For most “real-time” features in 2026, the right answer isn’t WebSockets. It’s Server-Sent Events. The pattern that replaced AJAX polling has matured into the default for AI streaming, dashboards, notifications, and one-way push. WebSockets earn their cost when you genuinely need bidirectional, low-latency communication.

This post is the working comparison. The protocols, the patterns, the code, and a clear decision rule.

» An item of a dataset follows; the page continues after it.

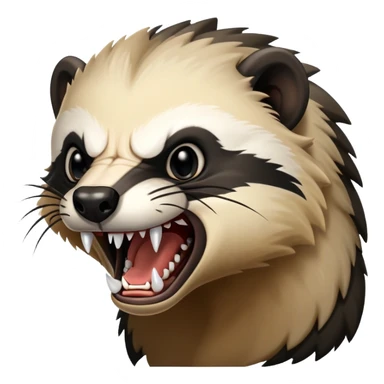 angry honey badger, furious, showing teeth, aggressive pose sticker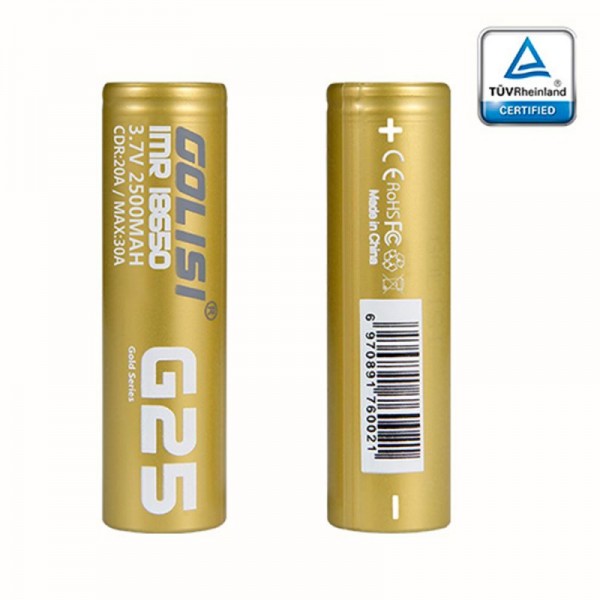 Batteria Golisi G25 18650 2500mAh 30A ( 2 PZ con scatolino )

The fundamental difference

SSEWebSocket
DirectionServer → clientBoth ways
ProtocolHTTP/1.1, HTTP/2Custom, after Upgrade
ReconnectionAutomaticManual
BackpressurePlain TCPPlain TCP
EncodingUTF-8 textText or binary
CDN / proxy compatExcellentMixed
AuthStandard HTTP cookies / headersFirst message, custom
Browser APIEventSourceWebSocket

SSE is HTTP that keeps streaming. WebSocket is a separate full-duplex protocol that hijacks an HTTP connection.

When SSE wins

The SSE sweet spot:

  • AI token streaming. Submit prompt, stream tokens. OpenAI, Anthropic, Google all do it.
  • Live dashboards. Server pushes updates; client just renders.
  • Notifications. “You got mail.” One-way.
  • Long polling replacements. Anything where you want push without ping-pong.
  • Activity feeds, social streams, stock tickers — any source of events flowing one direction.

You’ll spend zero engineering time on reconnection (browsers do it), auth (cookies/Authorization header just work), or proxy compat (it’s HTTP).

When WebSockets win

WebSockets earn their complexity when you need:

  • Bidirectional during the same session. Cancellation, “stop generating,” collaborative editing.
  • Sub-100ms request/response loops. The TCP overhead of opening one HTTP request per send adds up.
  • Binary frames. Audio, video, custom protocols, file transfer.
  • Many short messages. SSE’s text-with-headers-and-newlines is heavy for high-frequency tiny payloads.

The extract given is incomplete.